Besoin d’enfants pour former de futurs djihadistes

À Farm Center, un camp de personnes déplacées à Maiduguri, la capitale de l’État de Borno, on compte 65 % de filles pour seulement 35 % de garçons, sur un total de presque 8 000 enfants. Chez les adultes, le constat est similaire : 67 % de femmes pour 33 % d’hommes sur un total d’environ 5 700 adultes. La situation est la même dans la plupart des autres camps et communautés de personnes déplacées au nord-est du Nigeria, comme le résume Oxfam : « Dans la plupart des endroits, les hommes et les garçons semblent avoir tout simplement disparu ».

Le groupe terroriste Boko Haram pourrait avoir kidnappé ces enfants dans le but de les façonner en apprentis djihadistes et d’assurer la relève, à l’image de l’État islamique qui séquestre et transforme de jeunes recrues en soldats. Mais le groupe n’a jamais communiqué à ce sujet ni publié de vidéo de propagande prouvant que ces garçons étaient bel et bien entre ses mains.

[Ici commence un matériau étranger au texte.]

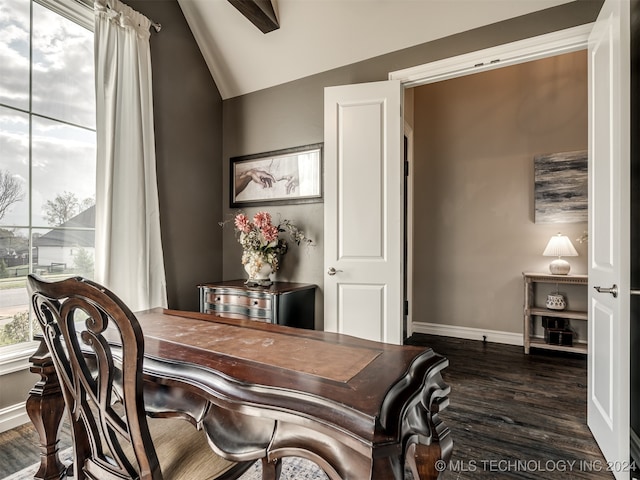 dining room featuring dark hardwood / wood-style floors and vaulted ceiling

L’armée nigériane pointée du doigt

Par ailleurs, ces disparitions en masse ne peuvent être uniquement la conséquence des enlèvements perpétrés par Boko Haram. L’armée nigériane est aussi pointée du doigt : arrestations en bloc, incarcérations arbitraires, les rescapés de l’insurrection se retrouvent bien souvent accusés par l’armée d’avoir un lien avec les terroristes. « Les hommes, en particulier les jeunes adultes, se retrouvent piégés dans ce cercle vicieux de la violence avec Boko Haram d’un côté, et l’armée nigériane de l’autre », note Fausto Aarya De Santis. « Ils sont cernés par la peur. La peur de mourir, la peur d’être recrutés de force, la peur de laisser leur famille derrière eux, et maintenant aussi la peur d’être accusés de pactiser avec Boko Haram, au fur et à mesure que l’armée regagne les territoires où ils ont été pris au piège. »

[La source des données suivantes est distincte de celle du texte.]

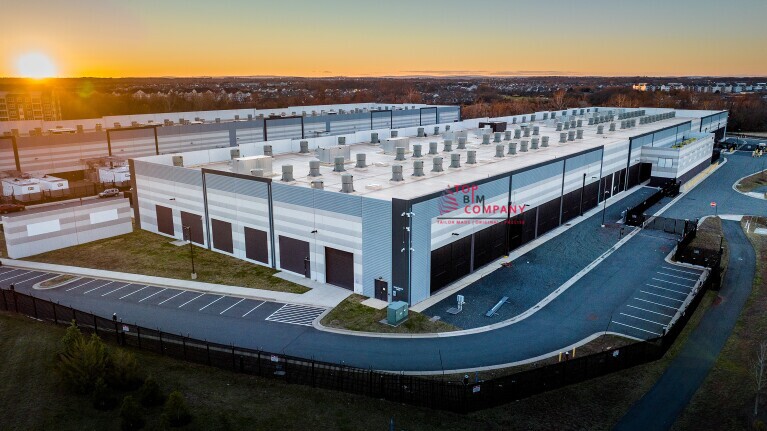 BIM Utility Modeling and Coordination services Exterior view of a completed data center facility with rooftop equipment, parking space, and secured fencing, captured during sunset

Les femmes ayant vu leur enfant ou mari se faire arrêter par l’armée et accuser de complicité de terrorisme n’ont par la suite plus jamais entendu parler d’eux. « Si la disparition de ces garçons avait été un événement isolé, la peur perpétuelle des populations survivantes ne serait pas à l’échelle de ce que nous voyons aujourd’hui », ajoute Oxfam, qui souligne que ces disparitions sont toujours d’actualité. « La réponse humanitaire consiste à sauver des vies de la famine et à soulager les souffrances, mais nous devons nous assurer que ces garçons et ces hommes ne tombent pas dans l’oubli. »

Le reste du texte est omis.